WAS THERE ANY EXPERT THAT TESTIFIED DURING THE PENALTY PHASE?

NO, THERE WAS NOT AN EXPERT THAT TESTIFIED DURING THE PENALTY PHASE BUT DR.^BLOCK-GARFIELD WHO TESTIFIED AT THE SPENCER HEARING BASICALLY SHE SAID THAT BLACKWOOD WAS DEPRESSED, SHE SAID THAT HE HAD AN IQ OF 70 BUT THEN SHE TOOK THE NUMBER BACK BECAUSE SHE SAID BECAUSE OF THE DEPRESSION SHE COULDN'T REALLY, IT WASN'T REALLY A VALID INDICATOR OF HIS IQ, BECAUSE HE WAS SO DEPRESSED AT THE TIME HE TOOK THE TEST. SHE ALSO FOUND THAT HE WAS A GOOD PARENT AND THAT HE WAS A GOOD EMPLOYEE. NOW, IF YOU LOOK AT THE FAMILY MEMBERS AND THE FRIENDS WHO TESTIFIED AT THE PENALTY PHASE, WHAT YOU FIND IS THAT WHAT DR.^GARFIELD TESTIFIED TO AT SPENCER WAS ESSENTIALLY CUMULATIVE. TO WHAT THE FAMILY MEMBERS SAID.

CHIEF JUSTICE: ARE YOU SAYING THERE WAS NO PREJUDICE?

YES, THAT THE TRIAL COURT ERRED ON THE PREJUDICE PRONG. WE ARE CENTERED ON THAT ARGUMENT BECAUSE, FOR EXAMPLE --.

BEFORE YOU GO FURTHER, THIS IS A CASE WHERE THERE WAS ONLY ONE AGGRAVATOR FOUND, HAP, CORRECT?

RIGHT.

AND WHAT MITIGATORS WERE FOUND?

THE STATUTORY MITIGATOR OF NO SIGNIFICANT PRIOR CRIMINAL HISTORY AND THEN AS A NONSTATUTORY MITIGATOR, MENTAL AND EMOTIONAL DISTURBANCE AS WELL AS APPROXIMATELY SEVEN OTHERS, GOOD PARENT, GOOD FATHER, THE FACT THAT THE MURDER RESULTED FROM A LOVER'S QUARREL THAT HE HAD THE CAPACITY FOR REHABILITATION, AND HE HAD GOOD CONDUCT IN JAIL AND HAD COOPERATED WITH THE POLICE. DEPRIVED CHILDHOOD.

BUT WHAT ABOUT DR.^JACOBSON TESTIFIED THAT HE WAS EXPERIENCING AN EXTREME EMOTIONAL DISTURBANCE AT THE TIME OF THIS INCIDENT AND THIS INCIDENT WAS, AGAIN, AS JUSTICE CANTERO POINTED OUT THE SINGLE AGGRAVATOR CASE CRYING OUT FOR SOME EXPLANATION OF HOW A MAN WHO HAD NO PRIOR SIGNIFICANT CRIMINAL HISTORY PERPETRATED THIS HORRIBLE ACT ON SOMEONE THAT HE HAD CARED FOR. SO, AGAIN, THE TRIAL COURT FOUND THAT NOT ONLY WAS THIS INFORMATION THAT SHOULD HAVE BEEN PRESENTED TO THE JURY, BUT I DON'T SEE THAT IT IS CUMULATIVE. THAT'S DIFFERENT AND QUALITATIVELY THAN WHAT THE TRIAL JUDGE FOUND.

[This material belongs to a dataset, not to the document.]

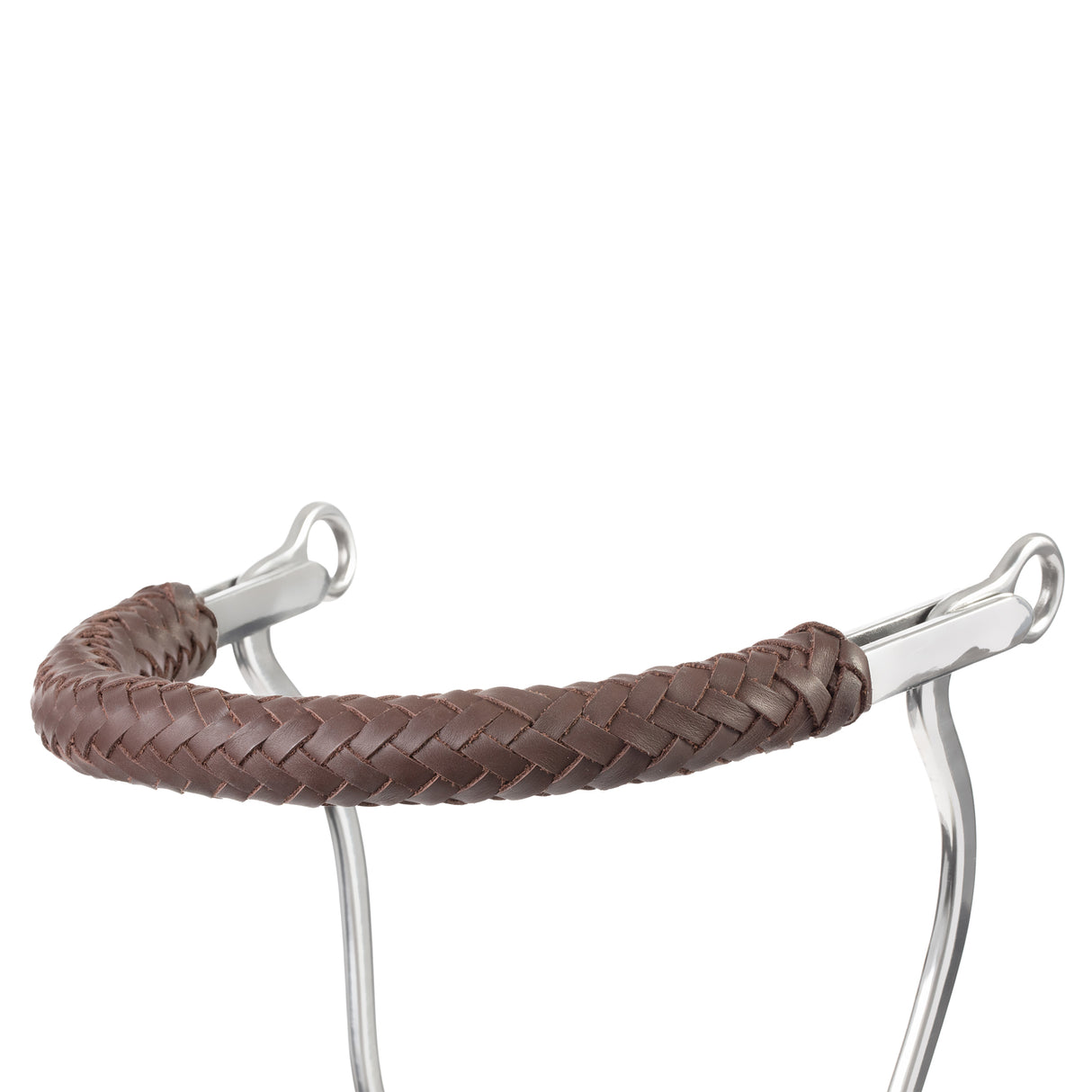 Hackamore Bit with Braided Leather Noseband, Stainless Steel, 8 1/2" Cheeks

YOUR HONOR, THE TRIAL COURT'S ORDER FOCUSED HEAVILY ON THE FACT AND HE SAID THE REASON I'M GOING TO FIND THAT THERE IS A REASONABLE PROBABILITY THAT THE JURY'S RECOMMENDATION MIGHT HAVE BEEN DIFFERENT IS BECAUSE THEY DIDN'T HEAR FROM THE EXPERT, DR.^TRUDY BLOCK-GARFIELD. OKAY, TAKING ASIDE FOR THE MOMENT THERE WERE TWO ADDITIONAL EXPERTS THAT CAME INTO THE EVIDENTIARY HEARING. DR.^JACOBSON AND EISENSTEIN AND BOTH OF THEM DID SAY THAT THEY OPINED THAT THEY WOULD GIVE THE STATUTORY MITIGATOR OF EXTREME MENTAL AND EMOTIONAL DISTURBANCE. BUT IT IS IMPORTANT TO REMEMBER THAT DR.^BLOCK-GARFIELD ALSO TESTIFIED AT THE EVIDENTIARY HEARING AND SHE ADHERED TO HER POSITION THAT SHE WOULD NOT GIVE THE STATUTORY MITIGATOR, THAT SHE WOULD STILL EVEN AFTER EVALUATING THEIR OPINIONS THAT SHE WOULD STILL ONLY GIVE IT AS A NONSTATUTORY MITIGATOR.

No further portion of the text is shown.